10 Cars with Low Emissions
There are many good reasons for choosing a low emission vehicle. Firstly, there’s being socially responsible: why choose to pollute our fragile atmosphere more than necessary? Then there are the financial incentives.
The less polluting the car, the lower its vehicle excise duty (road tax). Cleaner cars attract lower benefit in kind (BIK) tax too, so it also makes sense for company car drivers. And of course, emissions are linked to how much fuel is used so efficient engines or electric solutions can help keep down costs.
Lastly, living or working in an Ultra-Low Emission Zone (ULEZ) also means your car must meet the standards or you will have to pay a daily charge (currently £12.50 for London with other cities set to follow suit).
How do I choose?
Choosing the right car is not quite as simple as looking at the manufacturer’s figures. Vehicle specifics and your regular driving pattern play a very important part too.
A small petrol engine, for example, can be quite efficient around town but in a larger, heavier model doing many higher speed motorway miles, it can work out much less efficient - and therefore more polluting - than say a modest-sized diesel engine.
All-electric and plug-in hybrids can be good too, but if you don’t have anywhere to charge one, you can still consider a regular hybrid.

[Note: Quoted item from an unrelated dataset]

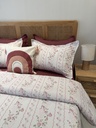 Housse de couette 6  Floral Rayé – Rose Poudré & Blanc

Let’s look at some different usage types and select our top models for those particular applications.
City Machine | Renault ZOE
All-electric works for the city with multiple charging points available so the petite Renault ZOE is ideal. It has a decent range of up to 250 miles with the larger 41kWh battery giving maximum electric flexibility.
Commuting when you have somewhere to charge | BMW i3
If you have a space to charge an electric car, the quirky, compact and well-made BMW i3 is ideal for the run into town. The latest models are all-electric (no longer with a range extender) and promise a sensible 182-mile range.
Commuting without somewhere to charge | Toyota Corolla
If you don’t have a space to charge your car, a regular hybrid still makes use of electric drive when in stop-start traffic. Toyota has been building hybrids for years and its new Corolla is one of the best.
Executive | BMW 330e
With the average journey being less than 10 miles* BMW’s claimed electric range of 37 miles for its 330e plug-in hybrid should cover most trips. The new 3-Series will also satisfy those demanding good vehicle dynamics and respectable performance.
Load-lugging/towing | Volvo XC60 T8
When it comes to load-lugging, it’s all about torque. The good news is electric motors are great at this so a plug-in hybrid makes sense. For its practical size, AWD and plug-in hybrid technology, the Volvo XC60 T8 ticks our boxes.
High mileage motorway users | Ford Focus
The latest, Euro 6 compliant diesel engines do a decent job of keeping emissions such as the Nitrogen Oxides (NOx) down while delivering good economy so for those doing 20,000+ miles a year, the diesel can still be practical. We’ll pick Ford’s comfortable and refined Focus 1.5-litre diesel.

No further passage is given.